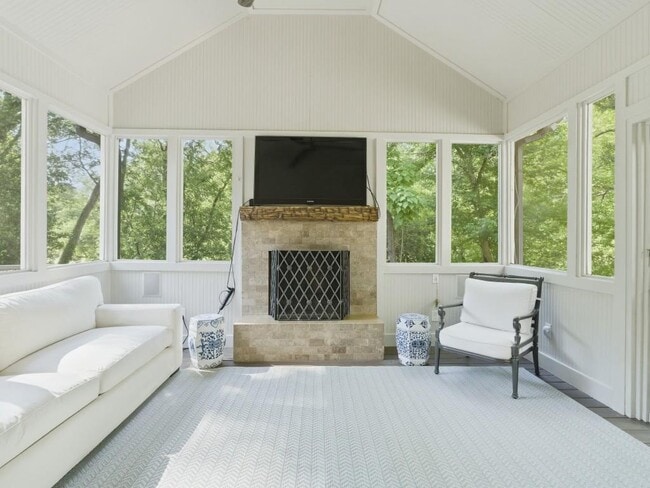 Photo - 1350 Battleview Dr NW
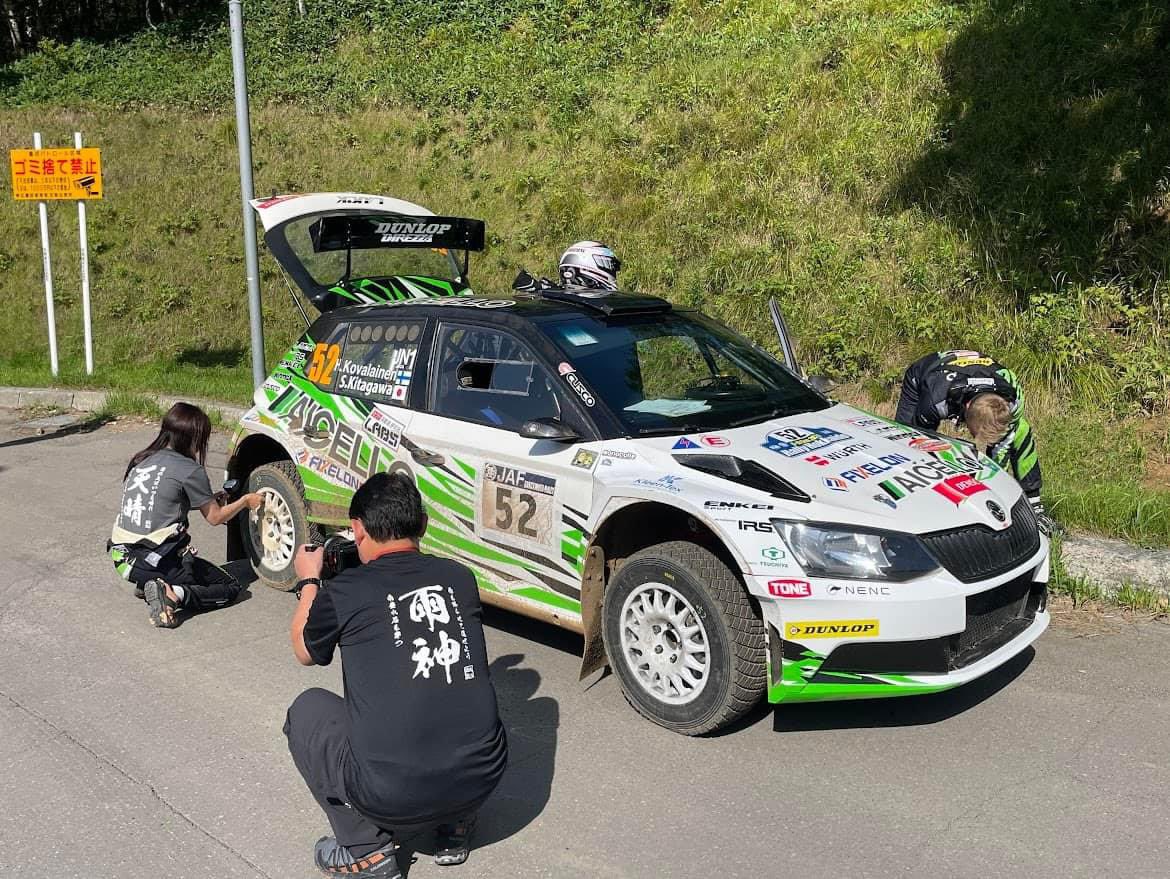 kitagawa_sae's tweet image. 空気圧のアジャスト。

ラリーはアバウトだけど
⚫︎ニューかユーズドか
⚫︎冷感か温感か
⚫︎フロントかリアか
⚫︎路面コンディション
⚫︎SSとSS間の時間
など考慮しながらスタート前の数値を基本はHeikkiさんが決めて、稀に私が（こっそり）微調整する。

#RallyTeamAICELLO 
#codriver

================================

* EXERCISE DIRECTIONS
Output the records exactly as they appear, skipping any pictures.

* SOLUTION
 Photo - 1350 Battleview Dr NW
 kitagawa_sae's tweet image. 空気圧のアジャスト。

ラリーはアバウトだけど
⚫︎ニューかユーズドか
⚫︎冷感か温感か
⚫︎フロントかリアか
⚫︎路面コンディション
⚫︎SSとSS間の時間
など考慮しながらスタート前の数値を基本はHeikkiさんが決めて、稀に私が（こっそり）微調整する。

#RallyTeamAICELLO 
#codriver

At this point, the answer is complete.